→ ENTRIES SHOWN:
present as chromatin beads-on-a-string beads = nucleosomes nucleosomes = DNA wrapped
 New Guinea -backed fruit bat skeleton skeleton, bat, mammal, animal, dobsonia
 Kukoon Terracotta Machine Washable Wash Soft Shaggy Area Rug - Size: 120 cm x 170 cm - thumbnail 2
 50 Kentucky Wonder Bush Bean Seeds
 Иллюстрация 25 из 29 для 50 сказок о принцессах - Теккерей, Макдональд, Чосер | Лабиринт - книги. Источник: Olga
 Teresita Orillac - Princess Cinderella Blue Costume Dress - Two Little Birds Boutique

→ TASK TO CARRY OUT: Return every line from the one holding "Иллюстрация 25 из" through the end of the data, exactly as it appears, with both ends kept and nothing else.

→ RESULT:
 Иллюстрация 25 из 29 для 50 сказок о принцессах - Теккерей, Макдональд, Чосер | Лабиринт - книги. Источник: Olga
 Teresita Orillac - Princess Cinderella Blue Costume Dress - Two Little Birds Boutique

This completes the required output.